Unklar ist, ob es sich dabei tatsächlich um Daten aus Ermittlungsverfahren handelt, bei denen ein Richter die Überwachung Verdächtiger erlaubt hat. Denkbar wäre zum Beispiel auch, dass die Behörden eine neue Software zur Analyse von Bewegungsprofilen in einem Feldversuch getestet haben, wie Spiegel Online vermutete.

Zwischenzeitlich konnten die intensiv ermittelnden Ordnungshüter mehrere Verdächtige festnehmen, darunter auch der Hacker „Darkhammer“, der sich in der Hacktivistenszene bereits im Zusammenhang mit Hackerangriffen auf NPD-Websites einen Namen machte.

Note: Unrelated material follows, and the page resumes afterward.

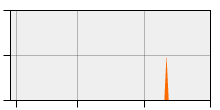 stat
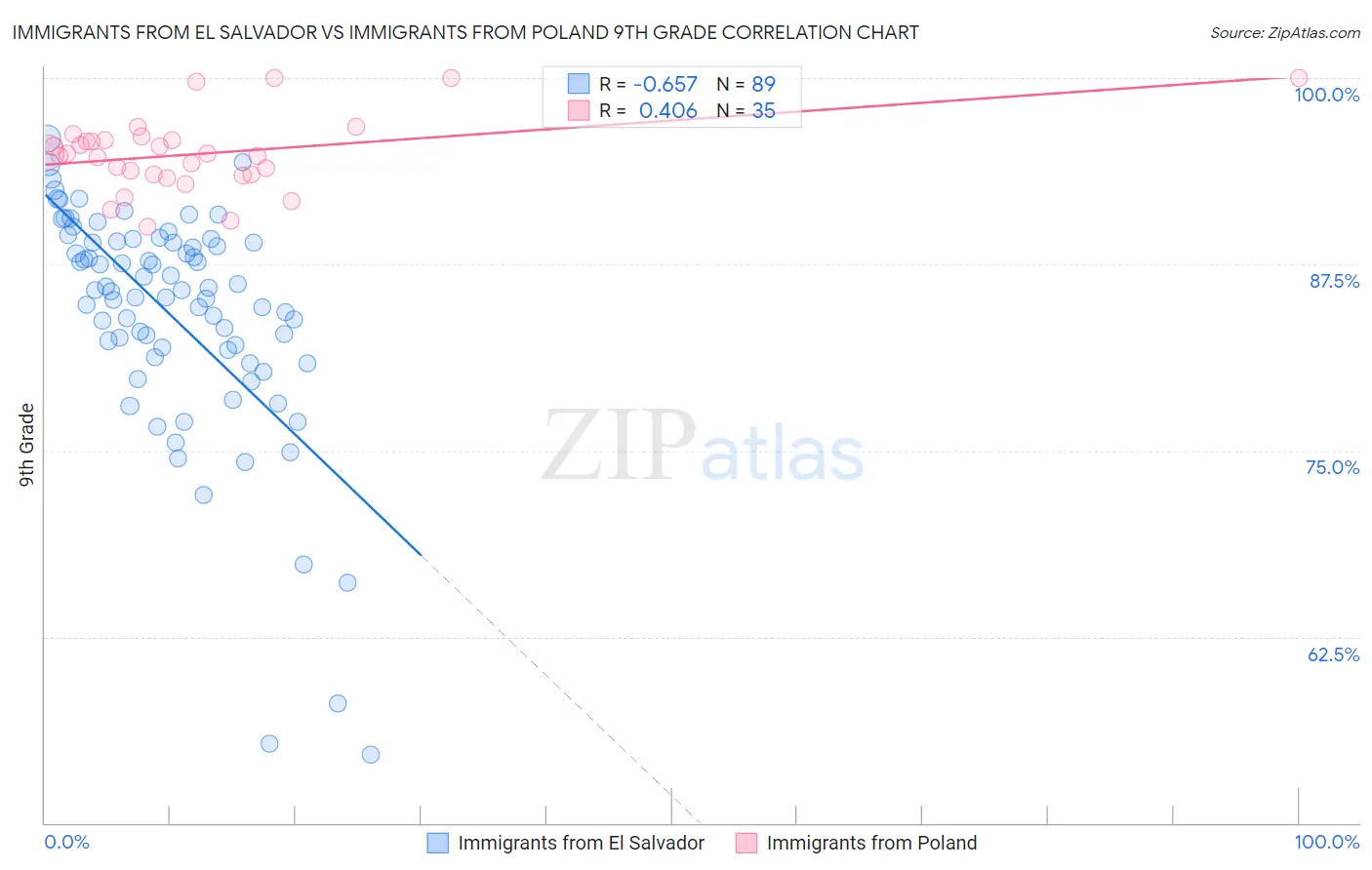 Immigrants from El Salvador vs Immigrants from Poland 9th Grade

Das wirft die Frage auf, wie sicher die IT-Systeme von Behörden eigentlich sind, die als Folge der Versicherheitsstaatlichung Deutschland immer mehr und immer sensiblere Daten der Bürger beinhalten. So hatten bereits 2010 Hacker Systeme des Zolls angegriffen und mit Trojanern infiziert, was trotz vorhandener Virenschutzsoftware erst Mitte 2011 bemerkt wurde.

Die bereits erwähne Revision der Zollsystem ergab jedenfalls gravierende Mängel, wie es in einem vertraulichen Bericht heißt, der seinen Weg in die Spiegel-Redaktion fand. Veraltete Hardware und Software, nicht vorhandene oder unzureichend ausgelegte Sicherheitssysteme, Mängel im technischen Datenschutz – und das in einem System, welches sensible Daten über verdeckte Ermittler, V-Leute und geheime Operationen enthält.

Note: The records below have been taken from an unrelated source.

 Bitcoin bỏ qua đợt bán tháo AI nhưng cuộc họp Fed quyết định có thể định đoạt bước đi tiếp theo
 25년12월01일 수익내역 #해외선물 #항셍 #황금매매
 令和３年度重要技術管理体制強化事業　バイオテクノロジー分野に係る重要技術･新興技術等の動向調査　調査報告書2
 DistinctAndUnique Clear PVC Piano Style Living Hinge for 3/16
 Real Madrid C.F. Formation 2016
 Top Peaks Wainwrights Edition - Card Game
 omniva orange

Neben der Technik fehlt es der Bundespolizei aber wohl auch am qualifizierten Personal. So fehlten an Schlüsselpositionen geeignete Mitarbeiter, die Fehler feststellen und beheben könnten. Dazu aber wären sie, dem Revisionsbericht zufolge aber wegen mangelhafter Systemdokumentation ohnehin kaum in der Lage. Hinzu kämen Defizite im Konfigurations- und Rechtemanagement, in der Zugriffsprotokollierung, in der Handhabung mobiler Datenträger sowie beim Fernzugriff, der über unverschlüsselte Klartextprotokolle abgewickelt würde.

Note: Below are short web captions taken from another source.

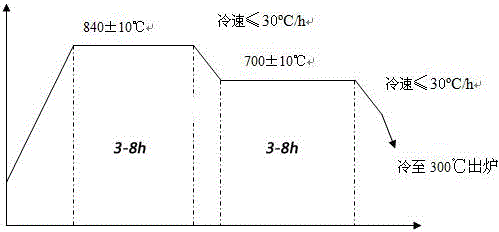 Hot-working die steel plate and preparation method thereof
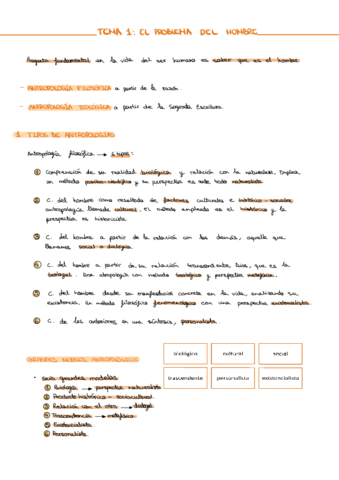APUNTES-ANTROPOLOGIA-T1.pdf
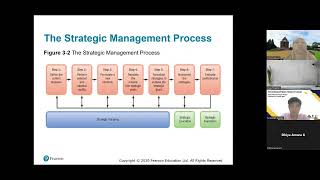 The Management Planning Process and Job Analysis & Talent Managemen Process - Manajemen SDM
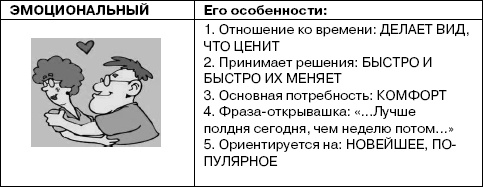 Иллюстрация к книге — Переговоры без поражений. 5 шагов к убеждению [_16.jpg]
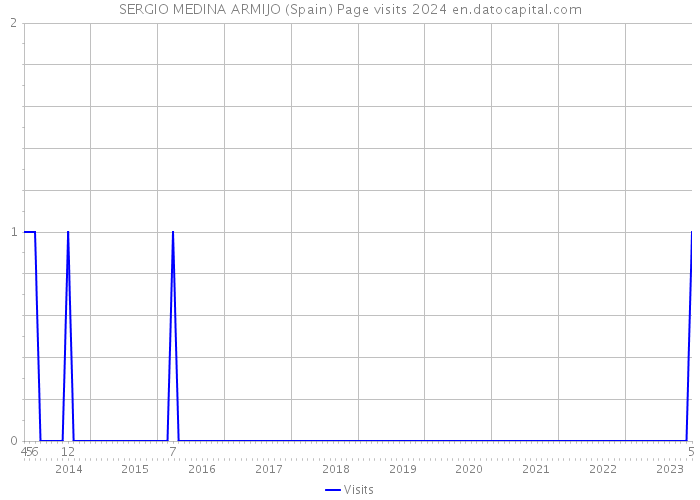 SERGIO MEDINA ARMIJO (Spain) Page visits 2024 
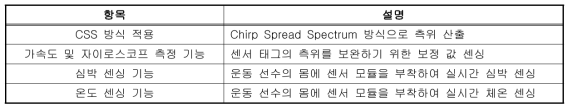 측위 및 센싱 모듈 기능 및 설명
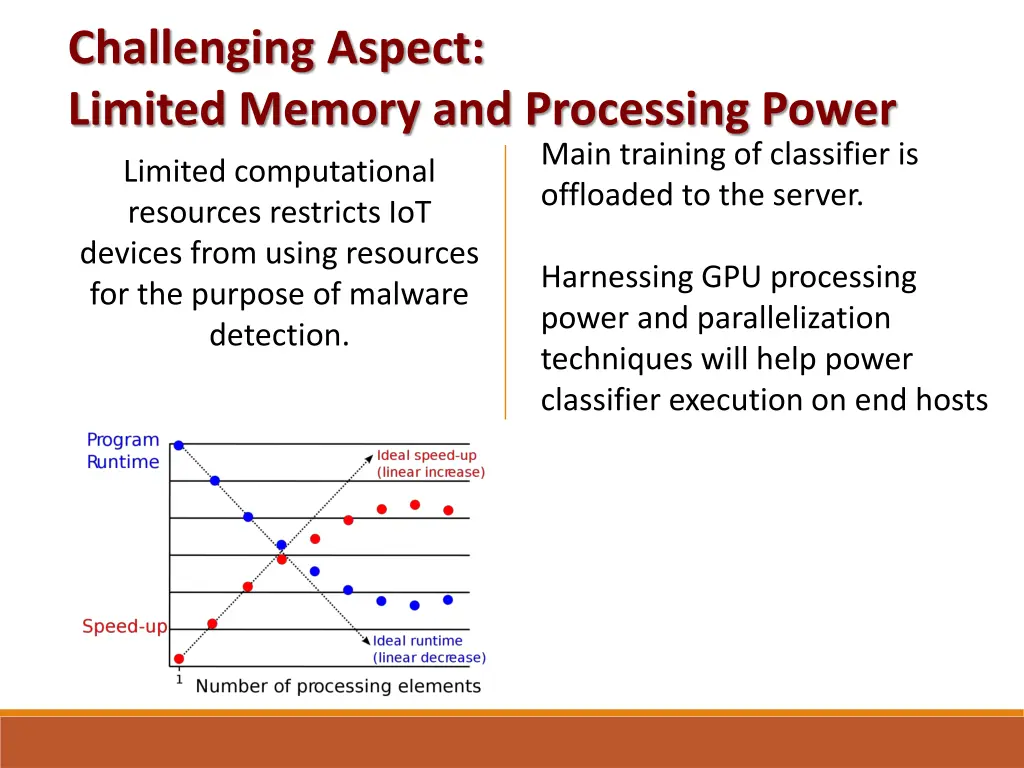 challenging aspect limited memory and processing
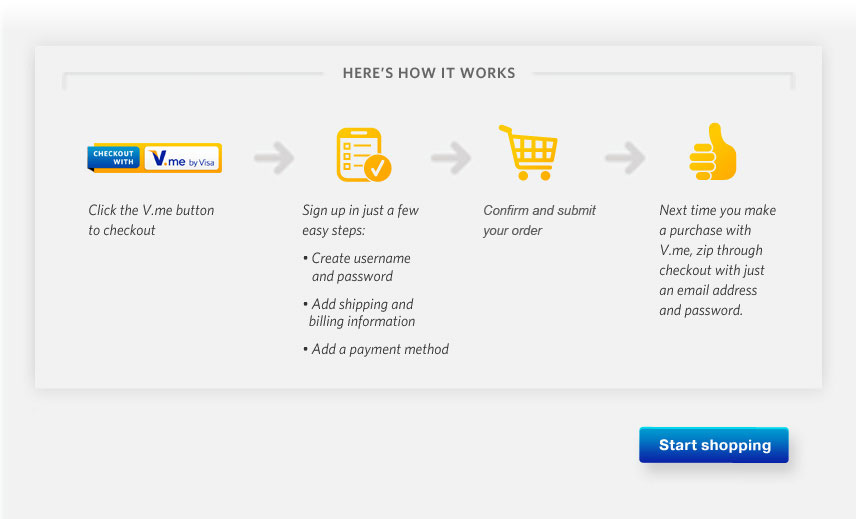 Special Introductory Holiday Offer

Und so kamen die Prüfer zu dem vernichtenden Ergebnis, dass Hacker nach wie vor in das Polizeinetz eindringen könnten, um dort relativ einfach an geheime Daten gelangen, die Software manipulieren und systemrelevante Einstellungen verändern zu können.

Doch warum ist das so?

Der Kern des Problems dürfte schlicht darin bestehen, dass es der Bundespolizei am Budget für angemessene Ausstattung auf aktuellem Stand der Technik fehlt. Und dass entsprechend qualifizierte Sicherheitsexperten gehaltstechnisch kaum noch in die Tarif- und Besoldungssysteme des öffentlichen Dienstes einzupassen sind, während gleichzeitig Personaleinsparungen und Haushaltskonsolidierungen laufen. Ein Zielkonflikt, der künftig häufiger zu Kollateralschäden in Form gehackter Rechner und abhanden gekommender Behördendaten führen dürfte.